Mau dibubarkan, BP Batam diminta tak main politik
"Batam seharusnya jadi penyeimbang geopolitik-ekonomi Singapura," kata Michael.
Menteri Dalam Negeri (Mendagri) Tjahjo Kumolo mengusulkan pembubaran Badan Pengusahaan (BP) Batam ditanggapi resmi oleh Kepala BP Batam, Mustofa Widjaja. Melalui Direktur Humas dan Promosi BP Batam Purnomo Andiantono disebutkan bahwa investor langsung resah atas rencana pembubaran BP Batam.
Mantan Anggota Tim Kajian Free Trade Zone (FTZ) Batam di era Ismeth Abdullah (tahun 2003) yang melahirkan buku 'Batam Komitmen Setengah Hati', Michael F Umbas menyatakan, pernyataan Kepala BP Batam sungguh tidak proporsional dan di luar kepatutan.
"Apa yang disampaikan Mendagri tentang rencana pembubaran BP Batam haruslah dimaknai sebagai bagian dari upaya mewujudkan solusi permanen pemerintah, setelah selama ini terjadi tarik menarik kewenangan yang berkepanjangan di Batam," kata Umbas dalam keterangan tertulisnya, Sabtu (2/1).
Dia mengaku cukup memahami terkait kondisi historis, sosiologis, politis dan ekonomis Batam.

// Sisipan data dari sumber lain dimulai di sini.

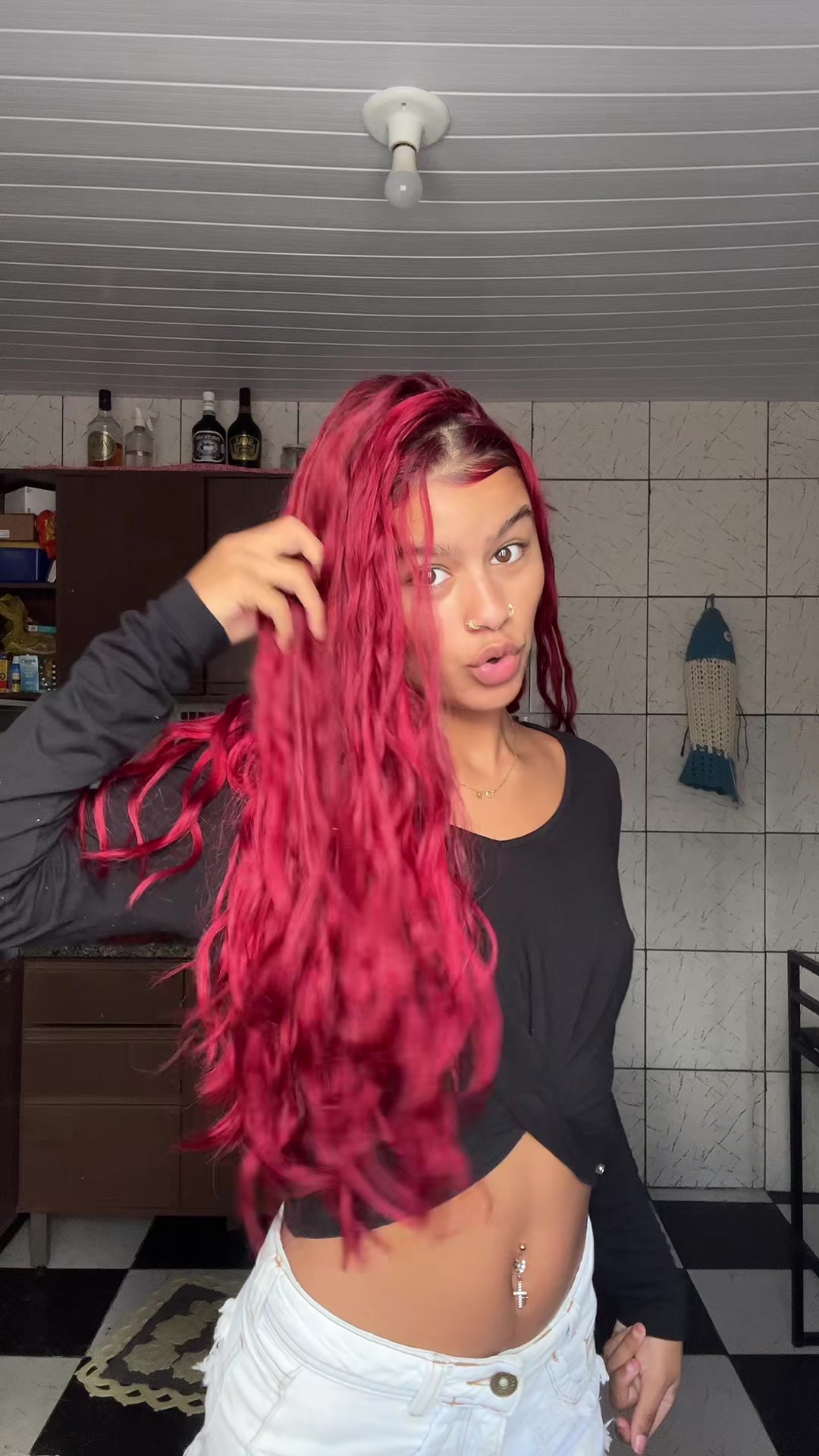 @Ana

"Kompleksitas masalah yang timbul di Batam sejak lama dibiarkan, sehingga potensi kerugian sangat besar dari tahun ke tahun. Bandingkan dengan otoritas FTZ Shenzhen Tiongkok misalnya yang pernah belajar di Batam dan kini maju pesat," ujarnya.
Dia berharap, di era pemerintahan Presiden Joko Widodo (Jokowi) terdapat solusi komprehensif dan permanen terkait peran dan eksistensi Batam. "Batam seharusnya jadi penyeimbang geopolitik-ekonomi Singapura, karena sama-sama berada di posisi strategis di alur perniagaan global Selat Malaka," katanya.
Dia menambahkan, sikap BP Batam yang seolah-olah mengumbar adanya keluhan investor terkait wacana ini tentu tidaklah beralasan. Justru sebaliknya, kata dia, penguatan dari sisi regulasi, otoritas dan berbagai bentuk kemudahan berinvestasi di era Jokowi sudah dirasakan para investor dan pengusaha.
"Sikap BP Batam terkesan hendak ikut bermain dalam tataran politis tentu kian kontra produktif. Jajaran BP Batam sebaiknya segera menghentikan pernyataannya di media sambil menunggu langkah pemerintah pusat selanjutnya," tuturnya.
Seperti diketahui, Mendagri Tjahjo Kumolo memang mengusulkan pembubaran BP Batam. Sebab terjadi duplikasi kewenangan antara pemerintah daerah (pemda) Kota Batam, Kepulauan Riau (Kepri) dengan BP Batam. Menurut Tjahjo, Presiden juga telah menyetujui pembubaran BP Batam.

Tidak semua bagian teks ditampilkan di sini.